Ex-Loaded editor says mag was ‘gateway’ to hard porn

By Andrew Pugh

Martin Daubney has admitted being ‘secretly ashamed’of editing the lads’ mag Loaded.

Daubney, who edited the magazine between 2002-2010, also conceded that it could be a ‘gateway’to harder pornograpy.

Writing in the Daily Mail, he said that ‘such thoughts came home to roost’in 2009 when he first became a father.

‘It had such an effect on me and changed my views so forcibly that within a year I’d quit a dream job that, for me, had become a moral nightmare,’said Daubney.

‘When I look back now, I see we were severely pushing the envelope of what was considered decent.

‘We were normalising soft porn, and in so doing we must have made it more acceptable for young men to dive into the murky waters of harder stuff on the internet.

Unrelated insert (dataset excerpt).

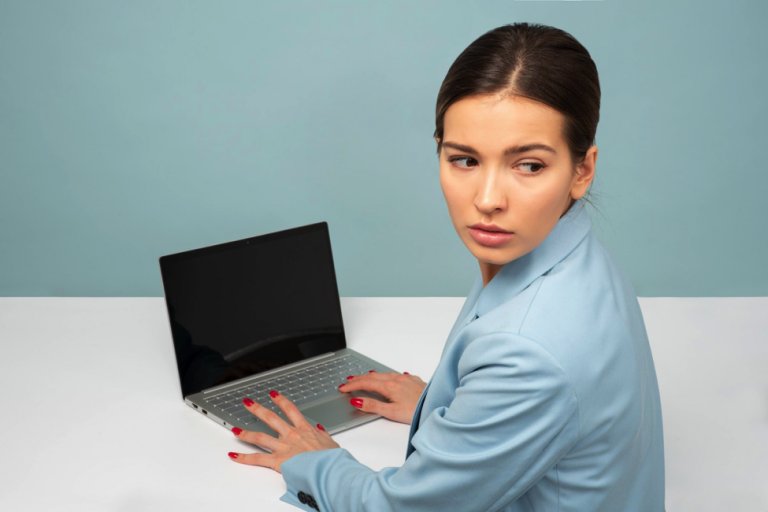 Woman on a laptop worried about malware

And, for that, I have a haunting sense of regret.”

IPC Media completed the sale of Loaded to Vitality Publishing in 2010. In common with most other Lads’ Mag titles, circulation has collapsed in recent years. In 2000 it had a monthly sale of over 350,000, but the most recent ABC figures for Loaded show circulation was down 30 per cent to 34,505.

In April the magazine was sold to former lawyer and adult film producer Paul Baxendale-Walker two weeks after its former owner Vitality entered administration with debts of almost £1m. And last month it emerged that former News of the World news editor Ian Edmondson is set to become its new editor.

Daubney admitted that as Loaded’s sales plummeted, ‘the magazine was getting grubbier to the point where even I didn’t want to be seen with it on the Tube”, but that he became a ‘skilled defender of the indefensible”.

This included winning debates at Durham University Debating Society and the Oxford Union Debating Society,

Following the birth of his first child Sonny, however, Daubney said his life had ‘become a charade, switching between diametrically-opposed extremes – nipples by day and nappies by night”.

‘I started seeing the women in my magazine not as sexual objects, but as somebody’s daughter. Some of Loaded’s models had children themselves, and I’d think ‘what’s your kid going to think of you when they’re old enough to understand Mummy used to get her boobs out for a living?’

‘To think that the girls who posed for our magazine had once had their nappies changed, had once been taught to take their first steps and had once been full of childlike hope . . . it was almost heartbreaking.”

According to Daubney, he quit in July 2010 when it was announced that the magazine was being sold to a ‘small publisher with a murky reputation. It was the excuse I needed to leave. ‘I woke up and thought ‘I can’t do this any more’ and quit.”

He added: ‘I suddenly wanted to vanish and do something decent with my life. I became a house dad, which fulfilled me more than Loaded ever had.

‘Now, nearly two years on, I am ashamed at the way I used to defend my magazine.’

Daubney claimed that during his time at the helm he and his team were kept in a ‘morally-retarded state’and ‘became numbed to nudity”.

The Mail has recently been campaigning for new rules forcing internet users to opt in if they want access to pornography, and Daubney said he ‘couldn’t be more emphatic in my support”.

Writing for Press Gazette in November 2010, Daubney said the high point of his career at Loaded was the debate at the Oxford Union: ‘I won, too, trouncing Times dinosaur Libby Purves and Loose Woman Carol McGiffin on the topic of censorship of the female form. I’ve always fiercely believed in freedom of expression, but everybody just thought we were thick beer monsters.

‘We weren’t: we were intelligent working class lads who don’t like being told how to think by the sneering intellectual snobs of our so-called liberal media. I won by a majority of 3:1, and my mum and dad were in the audience in that historical debating hall, crying with pride.”